Data shown —
★ ★ ★ ★ ★

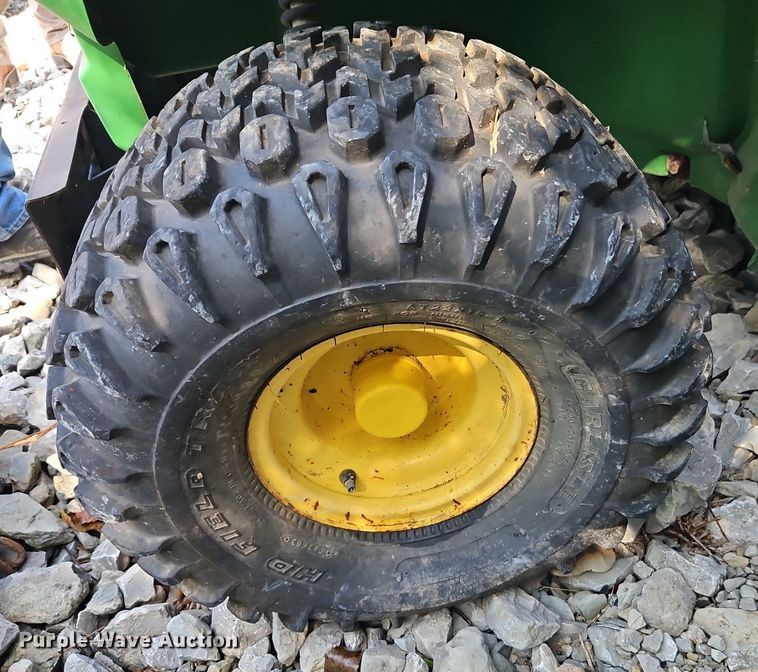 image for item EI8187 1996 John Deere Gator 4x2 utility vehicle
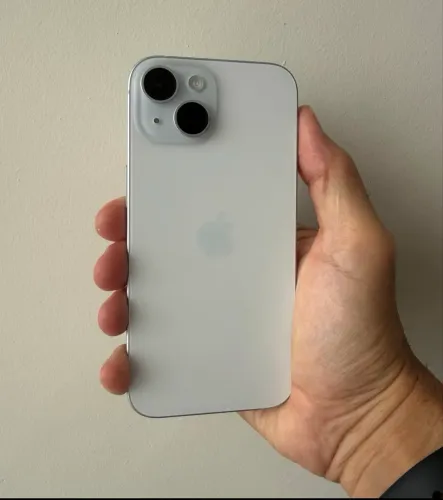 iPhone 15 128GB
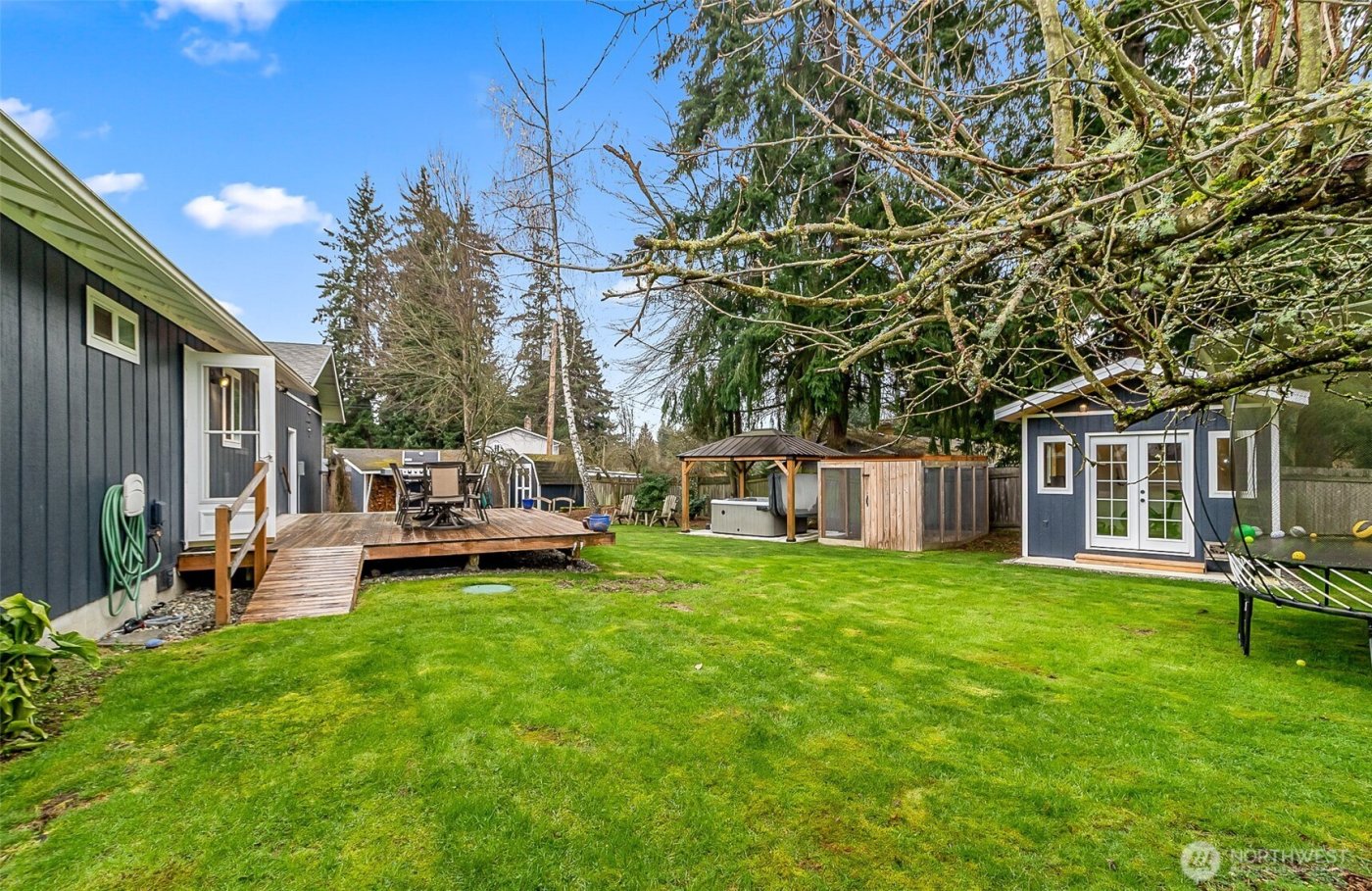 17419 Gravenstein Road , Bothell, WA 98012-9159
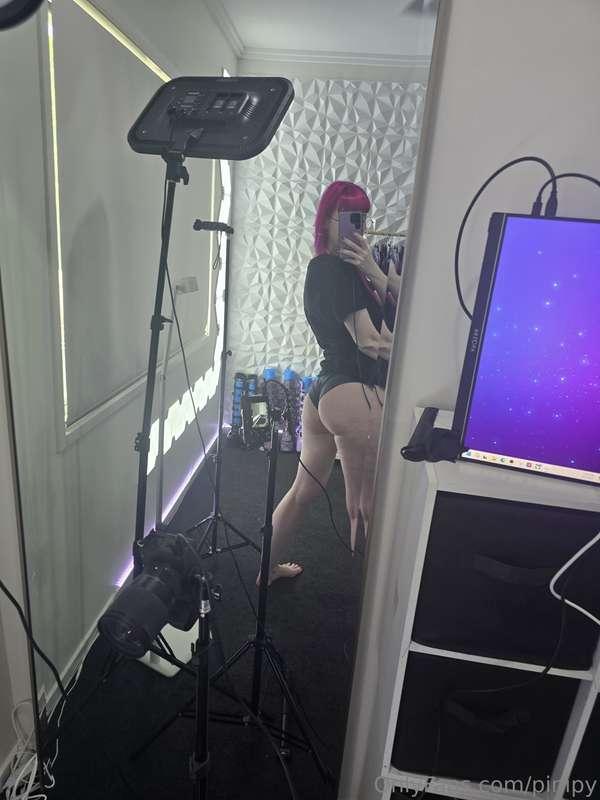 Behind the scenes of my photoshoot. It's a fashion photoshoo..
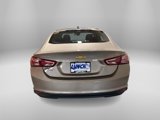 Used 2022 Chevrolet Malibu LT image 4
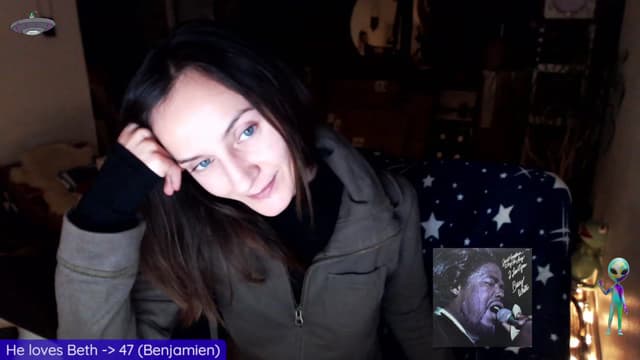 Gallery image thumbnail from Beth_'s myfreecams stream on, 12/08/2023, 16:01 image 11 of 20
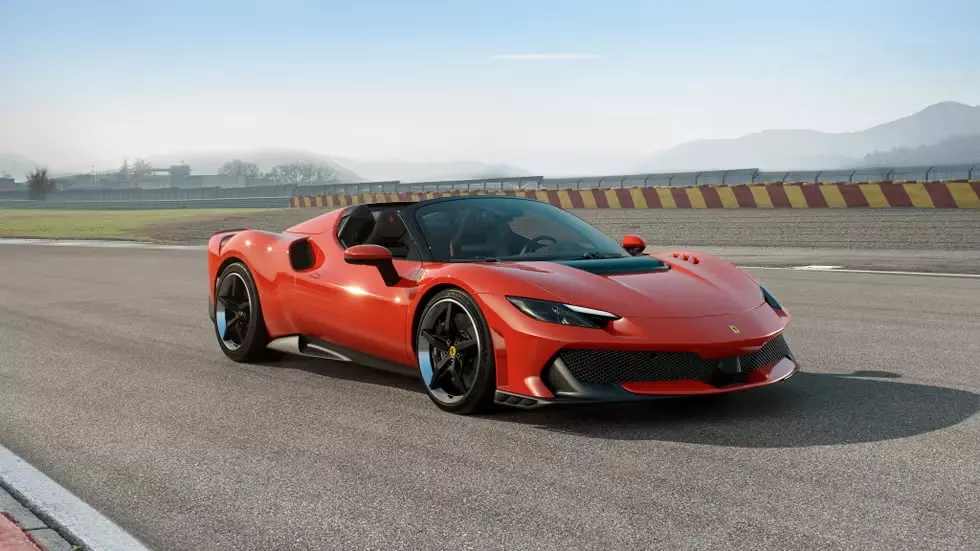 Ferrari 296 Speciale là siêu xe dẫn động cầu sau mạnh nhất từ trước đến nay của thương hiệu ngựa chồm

★ ★ ★ ★ ★

Problem — Output each record above exactly; omit the images.

Written answer —
 image for item EI8187 1996 John Deere Gator 4x2 utility vehicle
 iPhone 15 128GB
 17419 Gravenstein Road , Bothell, WA 98012-9159
 Behind the scenes of my photoshoot. It's a fashion photoshoo..
 Used 2022 Chevrolet Malibu LT image 4
 Gallery image thumbnail from Beth_'s myfreecams stream on, 12/08/2023, 16:01 image 11 of 20
 Ferrari 296 Speciale là siêu xe dẫn động cầu sau mạnh nhất từ trước đến nay của thương hiệu ngựa chồm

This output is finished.